To trace the history of Naples Porcelain you have to look at the origin of Capodimonte Porcelain.
The masterpieces of the Royal Factory of Capodimonte are astonishing in their demonstration of Italian skill and craftsmanship.
In little more than half a century the Royal Factory at Capodimonte produced the finest porcelain and ceramic dinner ware and ornaments in its own superb, unique and complete style.
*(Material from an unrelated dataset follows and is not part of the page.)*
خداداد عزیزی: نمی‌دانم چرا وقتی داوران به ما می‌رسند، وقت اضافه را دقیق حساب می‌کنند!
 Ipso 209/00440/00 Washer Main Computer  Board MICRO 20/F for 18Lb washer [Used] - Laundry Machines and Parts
In particular the Bisquit which does not redden with age (unlike those of Saxony and Sèvres) and the miniatures, which are beautifully modelled and of superb detail; and which are said to be the rarest and most prized of all European Porcelain.
The father of Capodimonte porcelain is considered to be Charles of Bourbon (1716-1788) son of Philip V of Spain and his second wife, the Italian, Elizabeth Farnese.
Charles was coronated King of Naples and Sicily on August 3rd. 1734 in Palermo Cathedral becoming Charles VII (1738-1759).
Examples of Capodimonte & Naples Porcelain
Capodimonte Porcelain – Trio of Fan Tailed Doves
A gorgeous little miniature cabinet sculpture by capodimonte, depicting three fan tailed doves chattering on a branch. The branch embellished with small pink and white flowers.
Superbly modelled with bright detailing and loads of movement. Looks absolutely gorgeous.
Bearing Capodimonte Crowned ‘N’ base mark to the underside of the branch
Vintage Capodimonte figure group entitled ‘La Vendemmia’ (The Grape Harvest) and signed ‘Volta’
Of significant proportion at 16″ by 10″ and 11.5″ tall. Beautifully modelled and superbly detailed, particularly the cart, the grapes and the Donkeys facial expression as it shies from the nasty frog.
With Capodimonte Crowned ‘N’ to the underside together with date cypher. The artists Signature mark, ‘Volta’ to the rear face and the title ‘La Vendemmia’ within an ornately scrolled and gilded cartouche.
Pair of Naples Porcelain Real Fabrica Vases (Brochetta) c1775
Crowned RF marks in iron-red
With rococo moulded leaf decoration picked out in green
The use of rococo ornament was short lived at Real Fabbrica factory before they embraced neo-classicism. 15.5cm high – c1775
Capodimonte gold and enamel-mounted scent–bottle and stopper – Circa 1755
Painted with a half-length portrait of Prince Charles Stuart, Bonnie Prince Charlie, in armour wearing the sash and star of the Garter and the green sash of the order of the Thistle.
Probably painted by Giovanni Sigismondo Fischer after Louis-Gabriel Blanchet.
The gold and enamel mounts are by a London goldsmith.
Possibly the only example of porcelain from the Royal Bourbon factory of Capodimonte in Naples with an English or Jacobite connection.
A Naples ‘Real Fabbrica Ferdinandea’ biscuit porcelain group of Bacco ed Amore By Filippo Tagliolini – Circa 1796
The group derives from an antique sculpture in the Farnese collection restored by Albacini
Filippo Tagliolini worked as a modeller at the Royal Porcelain Factory of Naples and was active between 1771 and 1807.
The Judgement of Paris is a bisque porcelain sculpture and one of his most famous creations.